QMASTOR announced today that its subsidiary QMASTOR Africa has signed a four year contract with the Barberry Group. The contract covers the licensing of QMASTOR’s Pit to Port software including the provision of project services as well as maintenance and support. The Barberry Group will use the software to extend the range of logistics services it can offer to its rapidly expanding client base.
Initially QMASTOR’s Pit to Port will be used to provide a total supply chain management solution for both of Coal of Africa’s Mooiplaats and Vele coal projects as well as for all of Barberry’s logistics customers. Pit to Port is a decision support system that enables the Barberry Group to manage, plan and optimise bulk commodity tonnage and quality across the supply chain, providing a clear view of export and domestic operations.
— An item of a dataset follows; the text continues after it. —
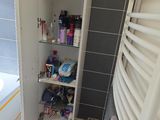 a bathroom with a towel rack and a towel rack in the corner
In making the announcement Marc Ramsay, regional manager Africa, said: “Barberry Group has an impressive list of customers who will benefit enormously from QMASTOR’s Pit to Port software. The evaluation process over the last three months has been thorough and we expect that the Barberry Group will roll this out to its clients including Coal of Africa, Anglo Coal and Noble Resources over the coming months.”
Mr Ramsay added: “It is this ability to respond quickly and efficiently to client needs that has made QMASTOR a leader in bulk material solutions. With our existing relationships with companies such as Assmang and now the Barberry Group we are continuing to build a strong pipeline of interest on the African continent.”
Anand Moodliar, group chief executive, Barberry Group, said: “We were immediately taken with QMASTOR’s logistics capabilities. In coal logistics, the focus is on maximising use of all parts of the supply chain. As the railways operate under a shared user system it is critical to have a total picture and to understand the different flows. We are confident that our partnership with QMASTOR will allow the Barberry Group to lower logistic costs for our clients, improving both their margins and profitability.”